Most Helpful Guys
I see too many types of intelligence, all admirable, to define it. I value people of worth whether we're talking a high school dropout with amazing artistic talent or a PhD in physics who makes groundbreaking discoveries about the universe or an athlete who didn't excel school but does things with their bodies that few of us could ever hope to do or social butterflies who get along so well with people in a way that few can ever do or musicians who can play an instrument with unbelievable skill.
>> How would you decide if someone you meet is intelligent in real life
I don't, and I technically have a "genius" level IQ with a Mensa membership (which I quickly grew tired of because I found it obnoxious). I was also 4.0 GPA student and so forth and I still admire too many different types of people to say whatever my type of "intelligence" I possess is superior to anyone else's. I'm decent at certain things, I'm bad at other things. I have areas where I specialize and I have areas of complete ignorance. And that's the case with just about everyone else I met.

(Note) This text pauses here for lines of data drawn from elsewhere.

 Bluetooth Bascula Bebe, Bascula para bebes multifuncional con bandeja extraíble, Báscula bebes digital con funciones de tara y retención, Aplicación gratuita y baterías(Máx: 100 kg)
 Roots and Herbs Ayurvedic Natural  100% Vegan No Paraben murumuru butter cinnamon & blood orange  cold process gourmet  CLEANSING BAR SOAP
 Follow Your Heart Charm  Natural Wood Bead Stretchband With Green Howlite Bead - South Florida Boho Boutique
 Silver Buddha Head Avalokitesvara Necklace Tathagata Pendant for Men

Intelligence is multidimensional, okay, but there are people who confuse that hypothesis with other pandering theories such as being good at quipping and banters or saying the right things during conversation is a better indicator of intelligence than simply your GPA 😂These guys tend to have an irrational dislike for any attempt to measure intelligence by tests, and I'm willing to bet they dislike any attempt to quantify abstract concepts and with it, math, physics, scientific methods...

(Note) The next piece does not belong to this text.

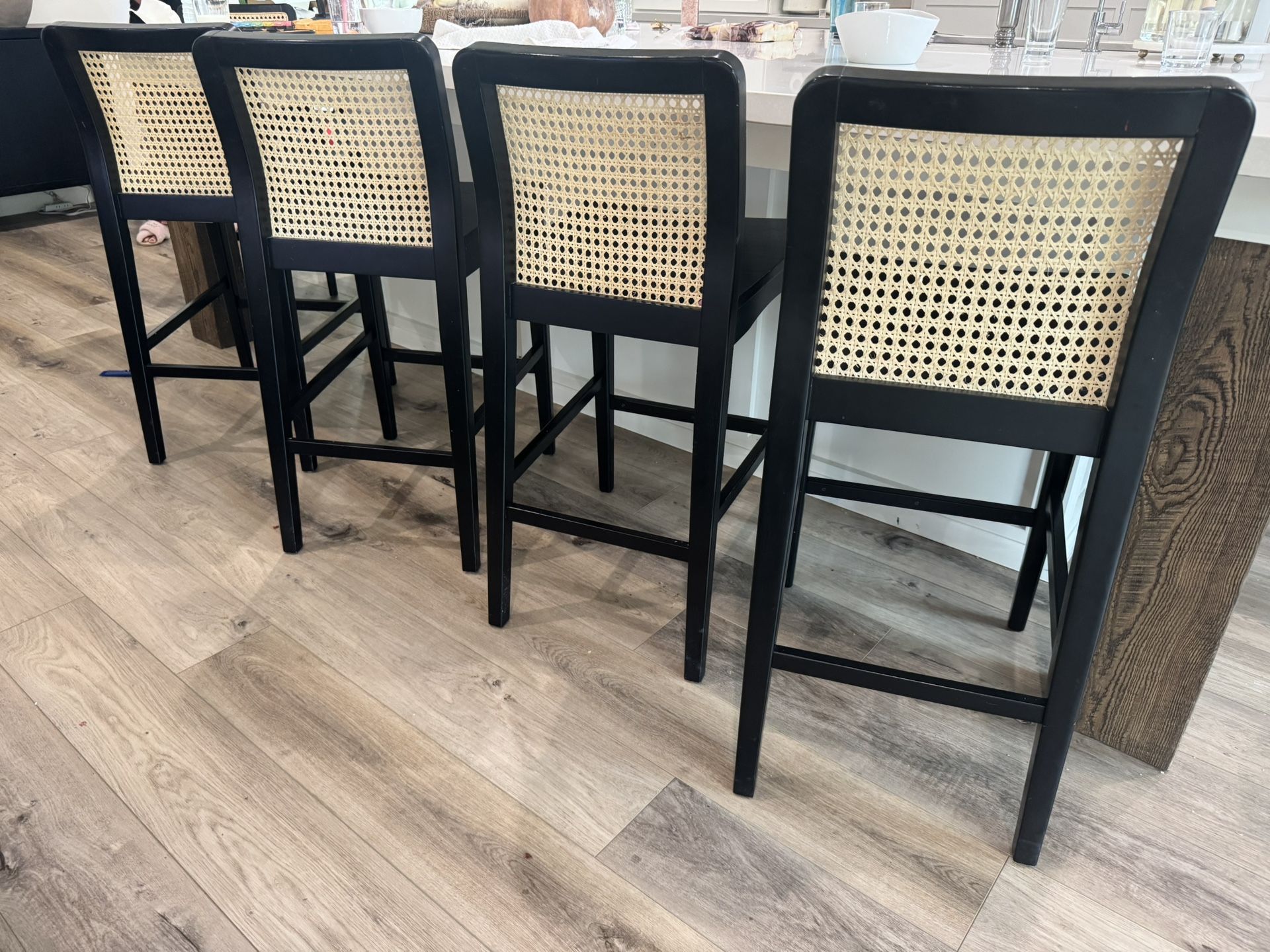 Black Cane Back Wooden Counter Stools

Despite the multi-dimensionality, the skills at all mental tasks tend to be positively correlated. This correlation is a consequence of the fact that various mental activities depend on "similar circuits" in the brain etc. It means there exists a vaguely defined direction in the space of cognitive skills or an inaccurately defined variable that will be very useful for predicting many aspects of the individual or group's cognitive skills:
So the very basic experimental observation that makes it useful to think about things like the g factor or the IQ is that the results in various kinds of cognitive skills tests are positively correlated with each other. So one may construct some kind of a weighted average of all the "kinds of IQ" to produce one that is most helpful for the predictions of all types of cognitive tests, one that is rather strongly correlated with all of them.
Howard Gardner has developed the theory of multiple intelligences, my favorite meme, after other researchers pointed out that this guy basically conflated success in sports/music/business with cognitive abilities (athletic skills like how fast you can run means intelligence to him lol? musical skills? conversational skills? social skills?) thus making this term even more ill defined. Then people pointed out the huge positive correlation amongst his so called "independent domains of intelligence" that could easily be measured, this basically falsified his whole theory (but of course he still tried to add more excuses for that correlation, so without ever being falsified, his theory is becoming more and more like pseudo science)
Personally I consider someone intelligent when they are good at math. When someone is good at mathematics at school, she is likely to be good at physics as well, and so on. This is the same correlation above, so even if I didn't get the exact dimension, I could still make reasonably accurate conclusion.
Most Helpful Girl
Someone who can create new things from the things that they already know that can change something. Lol being good at school means nothing because you just need to memorize, but if you are able to take everything you memorize and turn it in to something that's intelligence.